I recently gave a presentation on two “Grand Challenges” in Biology. That event involved over 40 incoming freshman, and there were four of us who presented a total of 7 STEM Grand Challenges. I thought it worked really well (as I mentioned in my post last week), so I’m considering adapting it for a different recruitment event (also for incoming freshman) that I’m organizing. There isn’t time to cover all of the interesting, unsolved questions in biology, though, which has me wondering: what are the top 5 grand challenges in biology today?
The two challenges I presented at the earlier event come from this list. The two challenges I presented were: 1) linking genotype to phenotype, and understanding how the environment influences that link and 2) understanding biological diversity (its evolution, its maintenance, and the consequences of its loss). I think the students were really engaged*, especially in the second one. We started out talking about large scale biodiversity, but then I raised the topic of microbial diversity and what we’ve started to learn about links between the microbiome and human health and disease. Inevitably, this got us to fecal transplants, and, really, what better way to get a room’s attention than with those? 🙂
A biochemist colleague presented a challenge that links biology and chemistry, on understanding the origins of life. This reminded me of learning about the classic Miller-Urey experiments as a freshman in college. As a freshman, it completely blew my mind to hear about the science behind this question, and especially to hear that people were doing experiments to study it. (Ed Yong has a really interesting write up on these experiments.) So, understanding the origin of life would definitely be one of my grand challenges.

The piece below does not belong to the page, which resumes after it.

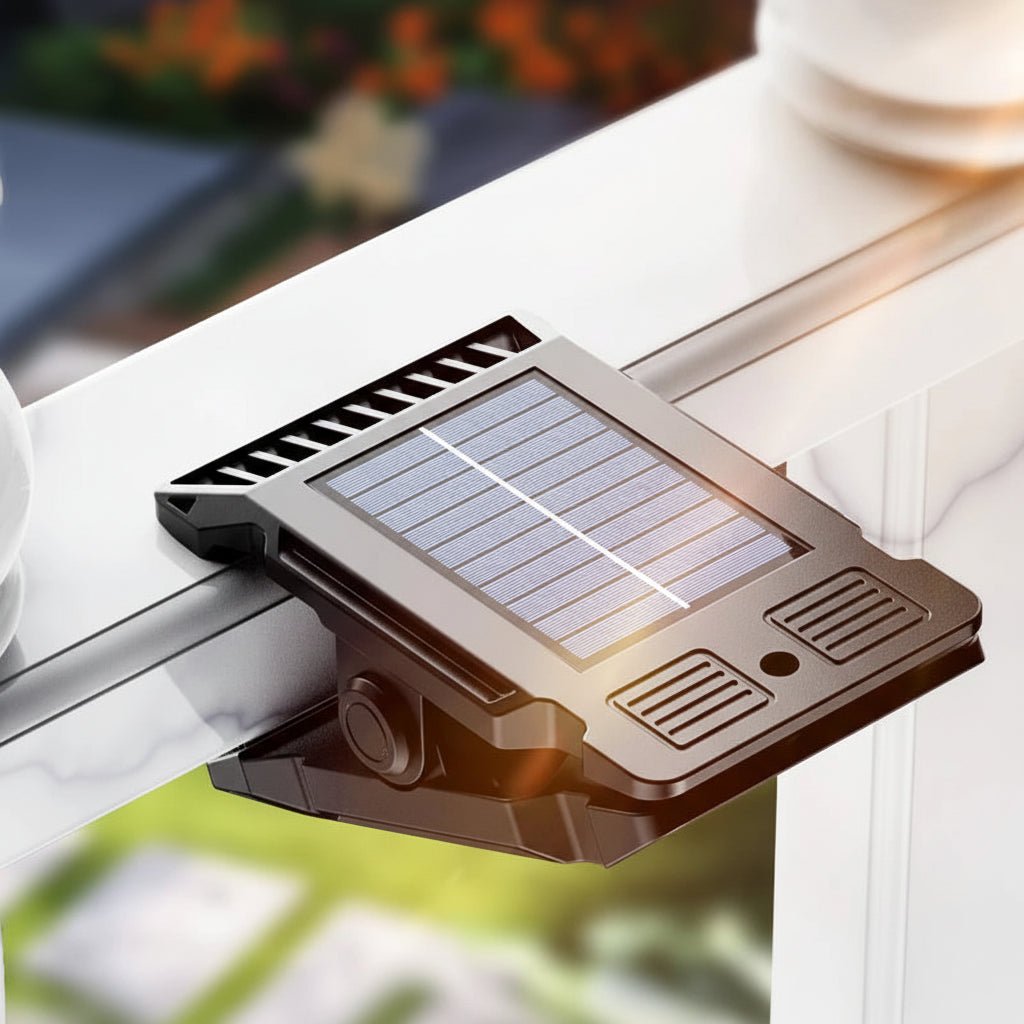 Jasné solární světlo Bright Clip do exteriéru, přenosné, s automatickým zapnutím pro táborníky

A clear fourth challenge relates to understanding the brain – clearly this is a huge, very active area of research, and it’s also something that students will find really engaging. (It’s also one of the challenges on the list I linked to earlier.)
That leaves just one challenge. At the event I did recently, the students were really interested in questions related to sustainable agriculture, and you could argue for a grand challenge related to how to feed the planet sustainably. But that links with the biodiversity challenge above, so perhaps something else would be better as the fifth. The other key thing I’ve come up with relates to synthetic biology, though, again, I think that relates very closely to one of the earlier ones.
For the event that I’m planning, if I go with the Grand Challenges approach, I think I will go with:
- Linking phenotype to genotype
- Understanding biodiversity
- Origins of life
- Understanding the brain
- Sustainable agriculture
Part of my reason for going with sustainable ag for the fifth would be because there’s a strong group of people here working on topics related to sustainable food systems and because my experience with the earlier group suggests that they will find the topic really engaging. Part of the goal of this event is to link students to Biology on campus, so taking advantage of a strong group makes sense.
Thinking about this has been interesting for me, even if the 5 challenges that I settled on are very similar to the ones laid out here. And I’m curious: what do you think are the 5 grand challenges in biology that would be worth introducing to incoming college students? It also makes me wonder what would be on my list of 5 grand challenges in ecology. Clearly some of the above relate, but others don’t. But that topic will have to wait for another day…
* As further evidence of their engagement, last Thursday I did a follow up dinner with about 100 students, including the students who’d been there for the Grand Challenges presentation. Some of them were still asking me questions about it (in part because they were working on a follow-up 3 minute video on one of the challenges).